In which measurements and models are made.

31 May 2017

My friend Jeff wrote a thing a while back which contained a cornucopia of truth, one of my favorite bits being the following:

“It’s slow” is the hardest problem you’ll ever debug. “It’s slow” might mean one or more of the number of systems involved in performing a user request is slow. It might mean one or more of the parts of a pipeline of transformations across many machines is slow. “It’s slow” is hard, in part, because the problem statement doesn’t provide many clues to location of the flaw. Partial failures, ones that don’t show up on the graphs you usually look up, are lurking in a dark corner. And, until the degradation becomes very obvious, you won’t receive as many resources (time, money, and tooling) to solve it. Dapper and Zipkin were built for a reason.

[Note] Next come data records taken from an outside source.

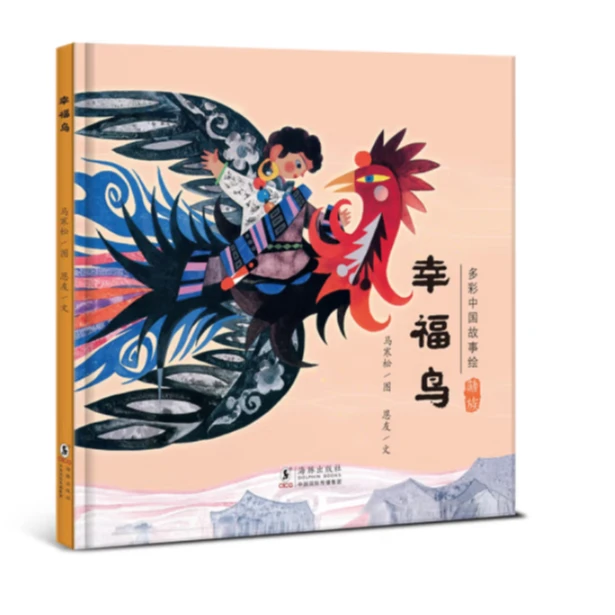 毛毛虫      幸福鸟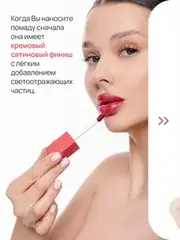 Neverti NP802 Блеск-тинт мягкий тонирующий для губ 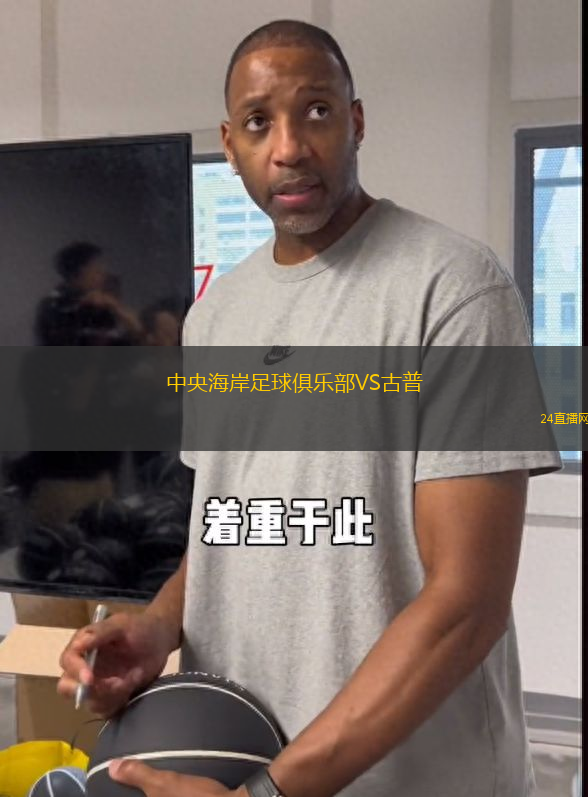 中央海岸足球俱樂部VS古普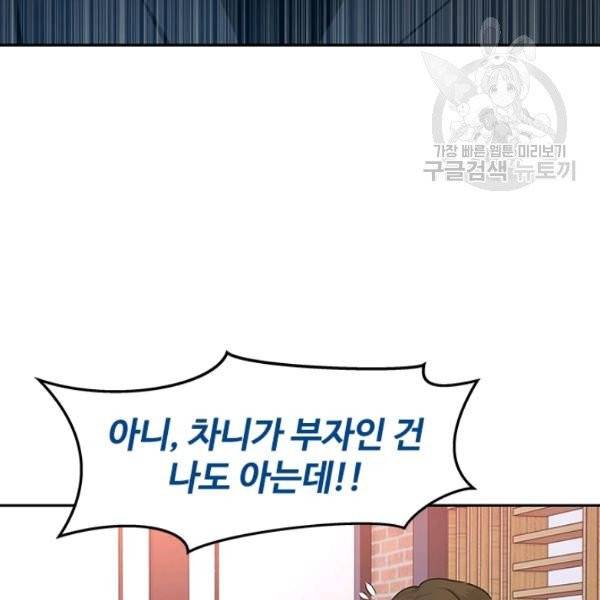 갓 오브 블랙필드 68화 6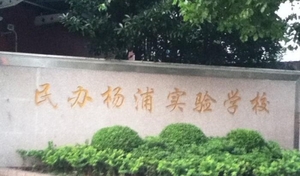 上海民办杨浦实验学校.jpg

I’ve been thinking about this lately, and I think another factor which makes this such a hard problem is that even if you have the ability to segment performance telemetry by space (i.e. which subsystem is slow) it’s not guaranteed that doing so will actually find the problem. As with performance optimization, if you don’t find any hotspots, the problem is often systemic, not local, and as such requires a different set of tools to resolve.

In this post, I’ll introduce you to Little’s Law, the Universal Scalability Law, and usl4j, a Java library for modeling system performance given a small set of real-world measurements.

First, let’s go over Little’s Law. Little’s Law is a simple equation of the behavior of queues. It formally describes the relationship of queue size ($N$), throughput ($X$) and latency ($R$):

$\begin{array}{rcl} N & = & XR\\ X & = & N/R\\ R & = & N/X\\ \end{array}$For example, consider a coffee shop which takes an average of 90 seconds to make an order ($R=90$). A customer places an order, on average, every 60 seconds ($X=1/60$). The average number of in-flight orders, therefore, is $N=XR=1/60 \times 90 = 1.5$.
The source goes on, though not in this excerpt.